Moody's - CME Group Inc. (CME, Aa3 stable) and Cboe Global Markets, Inc. (Cboe, Baa1 positive) recent launch of Bitcoin Futures contracts is not anticipated to affect the creditworthiness of either entity, owing to strong risk management at central counterparty clearing houses (CCPs), low futures' volumes and the futures' exchanges conservative approach to managing Bitcoin exposure, Moody's Investors Service says in a new report.
The price volatility of Bitcoin presents risk management challenges for CCPs which makes it more difficult to close out a defaulting clearing member's exposures. To manage this risk, both CME and Cboe set relatively high margins for Bitcoin futures trades to mitigate counterparty exposure, and have increased margin requirements from those they first presented to regulators in October 2017.
"We expect the CME and Cboe to make conservative adjustments to these margins in response to changing market conditions -- namely, a sudden rise in the volatility of Bitcoin prices -- as a risk and credit control measure," Moody's Analyst Fadi Abdel Massih says.

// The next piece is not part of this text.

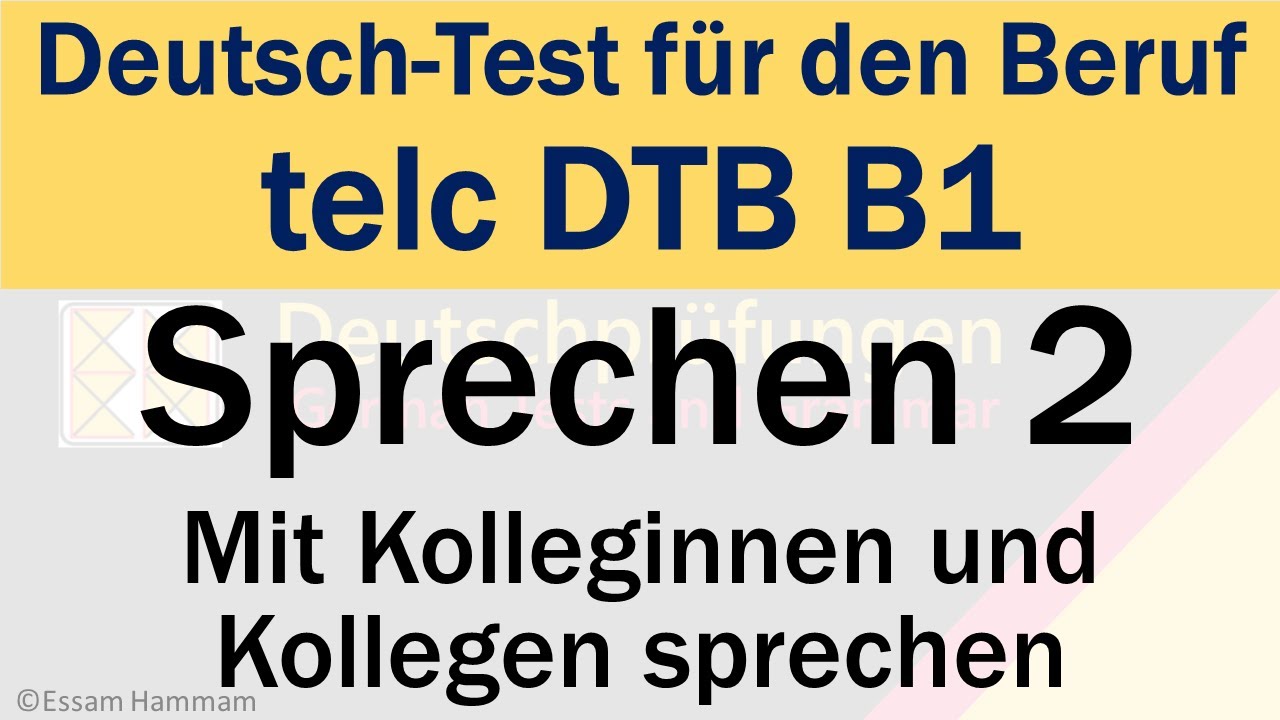 DTB B1 | Deutsch-Test f&uuml;r den Beruf B1 | Sprechen 2 | Mit Kollegen sprechen | with subtitles مترجم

Risk is contained for retail brokers as well. The firms that offer the products, such as TD Ameritrade Holding Corporation (TD Ameritrade, A2 stable) and E*TRADE Financial Corp. (E*TRADE, Baa3 review for upgrade) maintain conservative policies and margining to account for Bitcoin's high price volatility.
The cautious approach from retail brokers includes pre-qualification for customers to trade Bitcoin futures as well as an adherence to high margins. This risk management tool protects the brokers' exposure at the clearing house in a scenario where a customer defaults on a position.

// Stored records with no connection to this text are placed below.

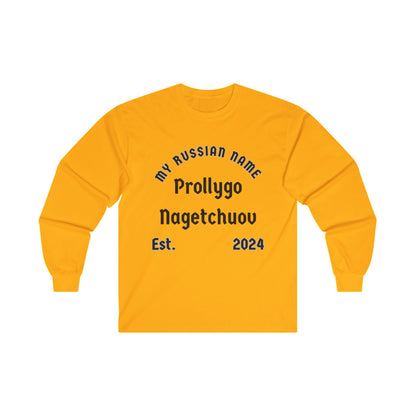 Probably going to get you off My Russian Name Unisex Ultra Cotton Long Sleeve Tee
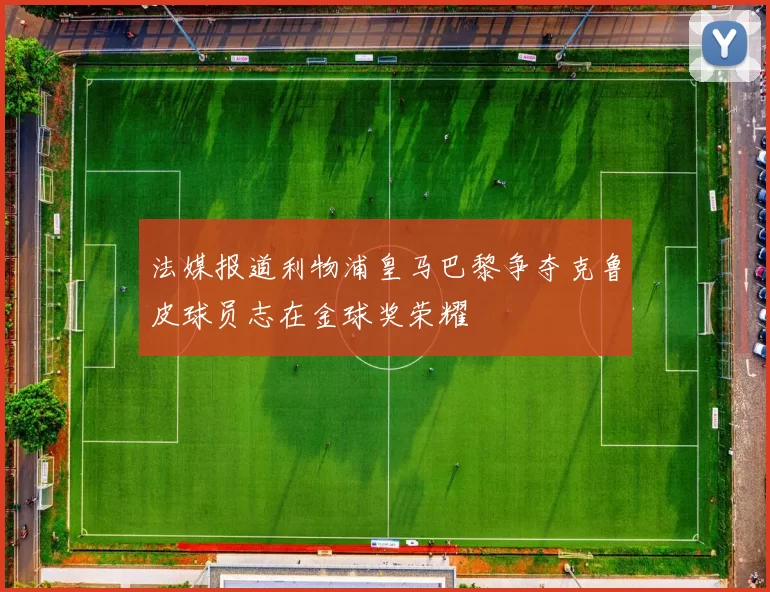 法媒报道利物浦皇马巴黎争夺克鲁皮球员志在金球奖荣耀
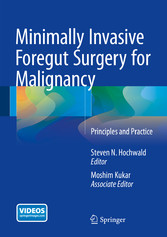 Minimally Invasive Foregut Surgery for Malignancy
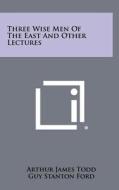Three Wise Men of the East and Other Lectures di Arthur James Todd edito da Literary Licensing, LLC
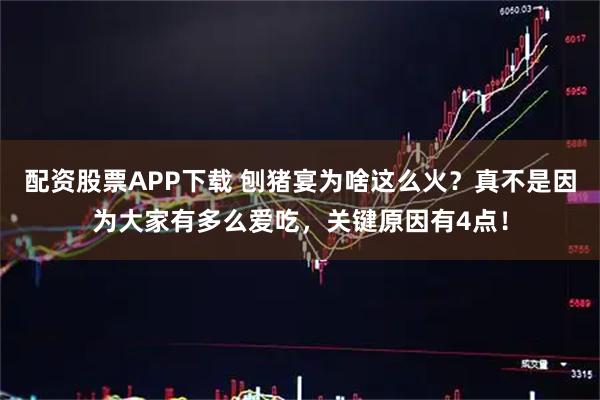 配资股票APP下载 刨猪宴为啥这么火？真不是因为大家有多么爱吃，关键原因有4点！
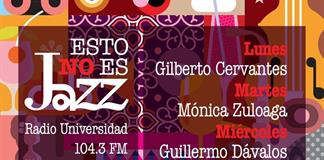 Esto no es Jazz - Lu. 12 Oct 2026 - Gilberto Cervantes Esto no es Jazz - Lu. 12 Oct 2026 - Gilberto Cervantes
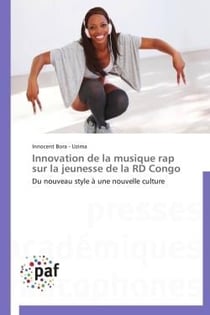 Innovation de la musique rap sur la jeunesse de la RD Congo - du nouveau style à une nouvelle culture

"The margin that a broker requires from its customers is typically at least 10% more than the margin required by the clearing house from the broker, an important risk mitigation," Massih says.
However, operational risk is introduced to the underlying price of future contracts due to the use of unseasoned cryptocurrency spot exchanges. CME and Cboe use different methodologies to determine the reference rate for Bitcoin futures, and they both rely for price discovery on newly established cryptocurrency exchanges that have historically lacked meaningful regulatory oversight.